MariaDB Xpand Data Loading

Overview

MariaDB Xpand installations include the clustrix_import command, which bulk loads data into Xpand very efficiently by taking advantage of Xpand's parallel processing capabilities to efficiently bulk load data.

This documentation applies to both Xpand topologies.

Backing Up Data

MariaDB Xpand loads data into Xpand tables using SQL files. SQL files can be produced from existing MariaDB Enterprise Server databases using the mariadb-dump command:

$ mariadb-dump --user root --password \
      --all-databases \
      --ignore-database mysql \
      --single-transaction \
      --events \
      --routines \
      > data.sql

The command redirects the output into a data.sql file, which can be used to import into MariaDB Xpand.

Note

The mariadb-dump command ignores the mysql database. Xpand does not use this database, instead storing internal system information using the system database.

Loading Data

The recommended data load method for MariaDB Xpand is the clustrix_import utility. The clustrix_import utility is included in the MariaDB Xpand installation in the /opt/clustrix/bin directory. The clustrix_import command loads data from an SQL file.
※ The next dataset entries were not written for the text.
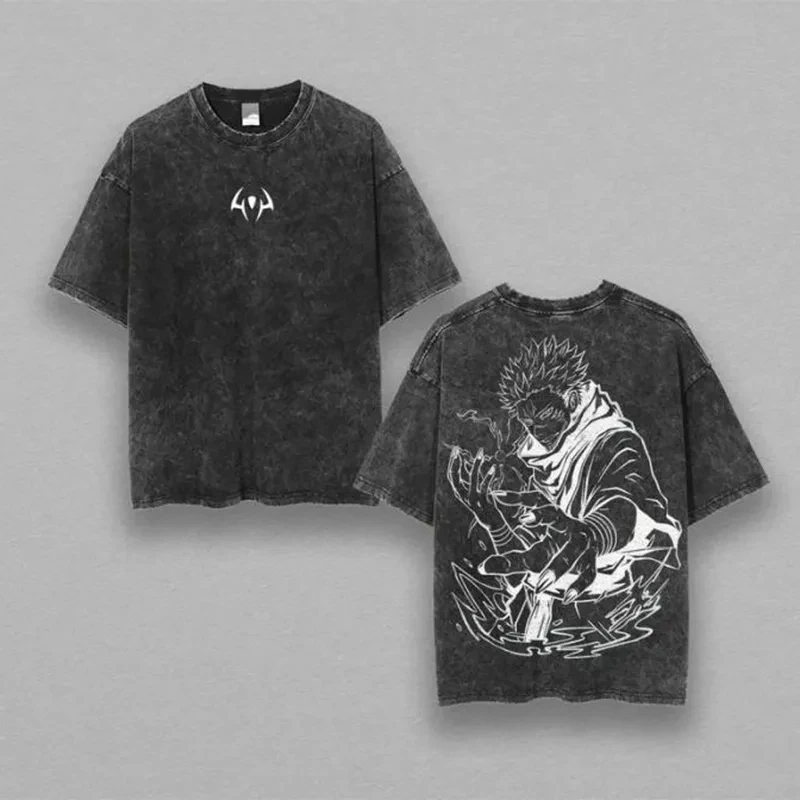 Anime Jujutsu Kaisen Ryomen Sukuna Cooles Grafik-T-Shirt für Herren Vintage-Waschung Lässiges Baumwoll-T-Shirt Harajuku Manga T-Shirt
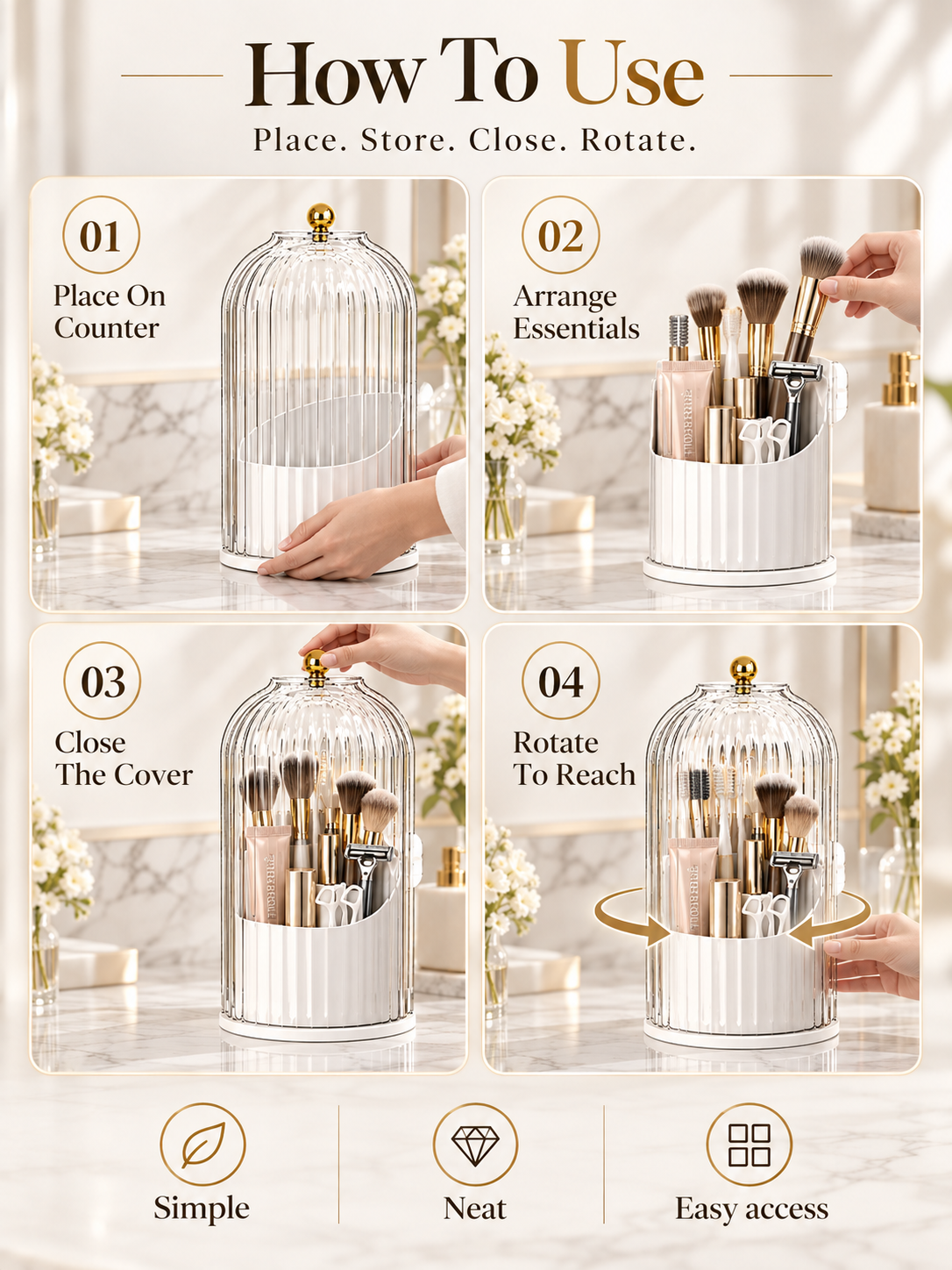 💄 360° Rotating Makeup Brush Organizer – Dustproof Covered Cosmetic Storage Holder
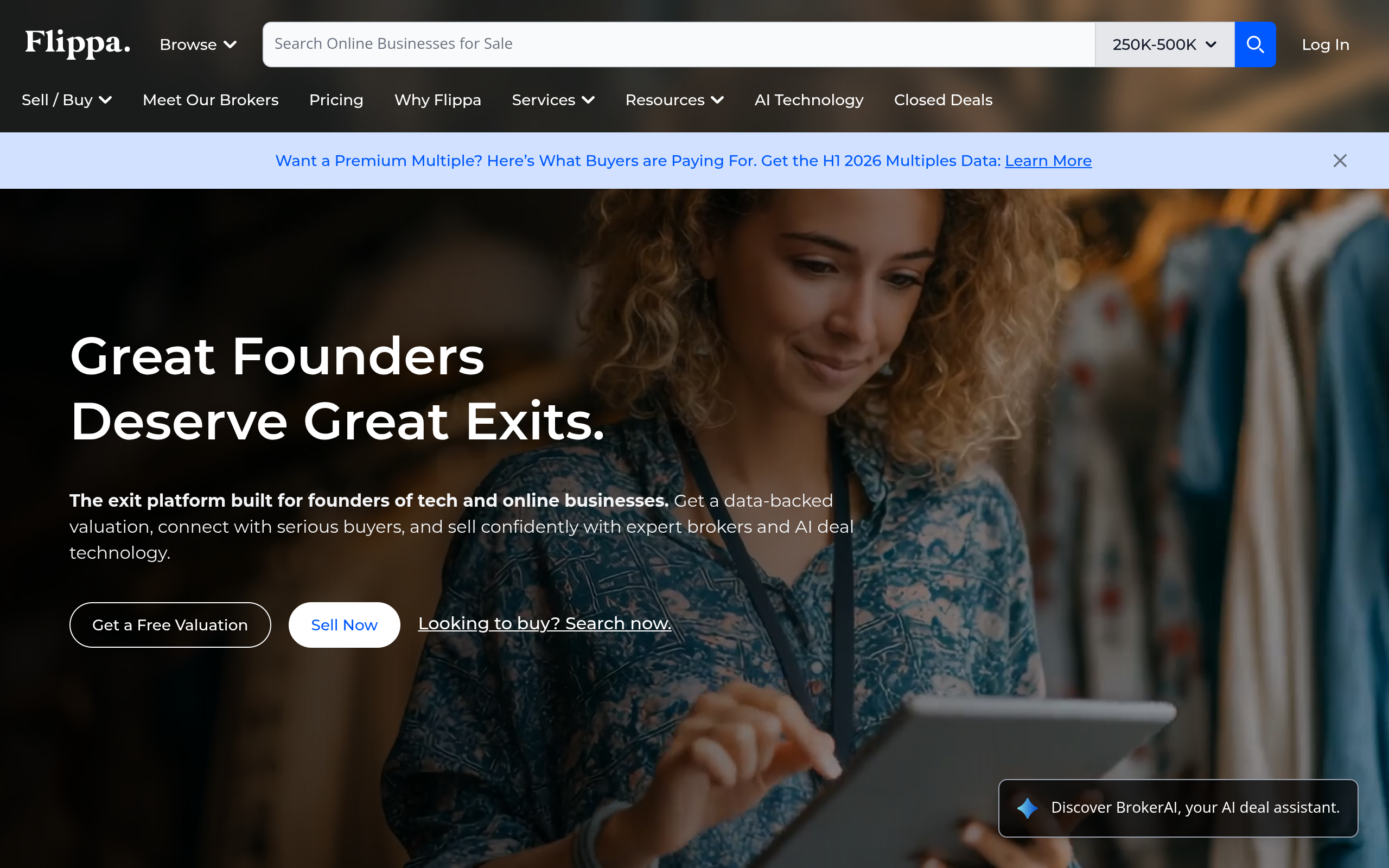 Screenshot of flippa.com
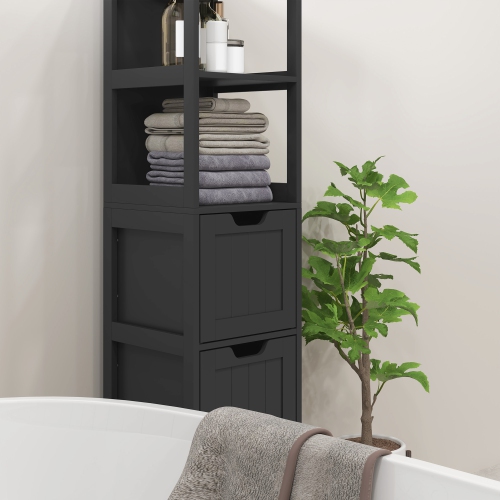 kleankin Narrow Bathroom Cabinet with 3 Drawers and 2 Tier Shelf, Tall Cupboard Freestanding Linen Tower, Black
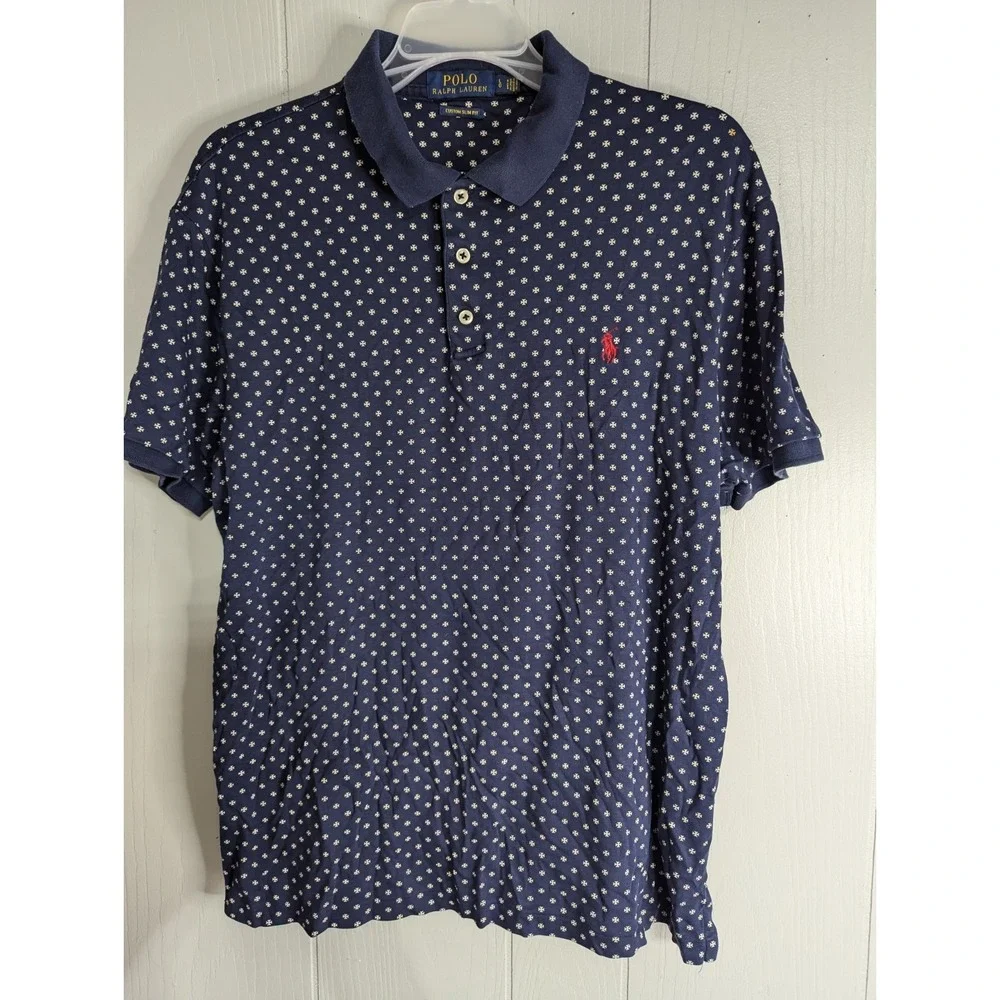 POLO Ralph Lauren Custom‎ Slim fit blue white cross design  L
When using both Xpand topologies, clustrix_import must be executed on one the Xpand nodes.

InnoDB tables in the SQL file are automatically converted to Xpand tables during the import.

To import data into Xpand Nodes:

$ clustrix_import \
      --user xpandm --password xpandm_passwd \
      --import-file data.sql

At a high level, clustrix_import loads data with the following procedure:

  1. Connects to the local Xpand node

  2. Retrieves a list of available Xpand nodes

  3. Reads the data from the SQL file

  4. Pre-slices the data

  5. Writes multiple replicas of each slice to multiple Xpand nodes in parallel, which ensures fault tolerance

Xpand Loading Data with clustrix_import

Special Considerations

There are some special considerations in some cases.

Xpand Storage Engine Topology

When loading data into an Xpand Storage Engine topology, clustrix_import only interacts with the Xpand nodes. It does not create any database objects on the MariaDB Enterprise Server (ES) nodes.

Several types of objects need to be created directly on the ES nodes, such as:

  • Databases

  • Tables that use other storage engines

  • Views

  • User accounts and privileges

  • Stored procedures and functions

  • Events

ES nodes also require a replication solution, such as MariaDB Replication, to synchronize these database objects. Without replication, these database objects need to be created separately on each ES node.

Once the database is created on an ES node, the ES node can access any Xpand tables in that database on the Xpand nodes:

CREATE DATABSE accounts;

SHOW TABLES IN accounts:
+--------------------+
| Tables_in_accounts |
+--------------------+
| us_accounts        |
| eu_accounts        |
| me_accounts        |
+--------------------+

For additional information, see "MariaDB Xpand Topologies".